_Problem to solve_
Write out the line that contains "IA license plate AUG091" and every line after it through the end of the entries, exactly as given and with no other lines.

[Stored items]
# # # # # # #

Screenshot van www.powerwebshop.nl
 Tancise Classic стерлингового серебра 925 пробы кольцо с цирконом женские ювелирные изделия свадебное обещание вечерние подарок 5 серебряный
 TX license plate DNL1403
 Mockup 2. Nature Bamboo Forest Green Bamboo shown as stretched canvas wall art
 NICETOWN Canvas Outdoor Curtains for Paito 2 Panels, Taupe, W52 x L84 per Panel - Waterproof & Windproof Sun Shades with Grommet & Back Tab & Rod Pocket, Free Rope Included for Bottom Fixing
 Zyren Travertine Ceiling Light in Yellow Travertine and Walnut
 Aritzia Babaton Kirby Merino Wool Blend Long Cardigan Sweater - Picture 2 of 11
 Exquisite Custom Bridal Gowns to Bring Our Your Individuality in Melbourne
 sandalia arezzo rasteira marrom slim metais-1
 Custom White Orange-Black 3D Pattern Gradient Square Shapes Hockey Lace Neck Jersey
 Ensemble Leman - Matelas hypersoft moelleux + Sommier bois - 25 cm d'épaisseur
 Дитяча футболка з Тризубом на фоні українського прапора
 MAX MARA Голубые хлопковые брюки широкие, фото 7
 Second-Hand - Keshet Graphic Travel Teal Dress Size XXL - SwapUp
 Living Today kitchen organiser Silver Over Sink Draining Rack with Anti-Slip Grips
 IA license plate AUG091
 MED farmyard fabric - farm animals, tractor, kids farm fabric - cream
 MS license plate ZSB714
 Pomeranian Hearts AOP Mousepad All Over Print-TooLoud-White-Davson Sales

# # # # # # #

_Expected answer_
 IA license plate AUG091
 MED farmyard fabric - farm animals, tractor, kids farm fabric - cream
 MS license plate ZSB714
 Pomeranian Hearts AOP Mousepad All Over Print-TooLoud-White-Davson Sales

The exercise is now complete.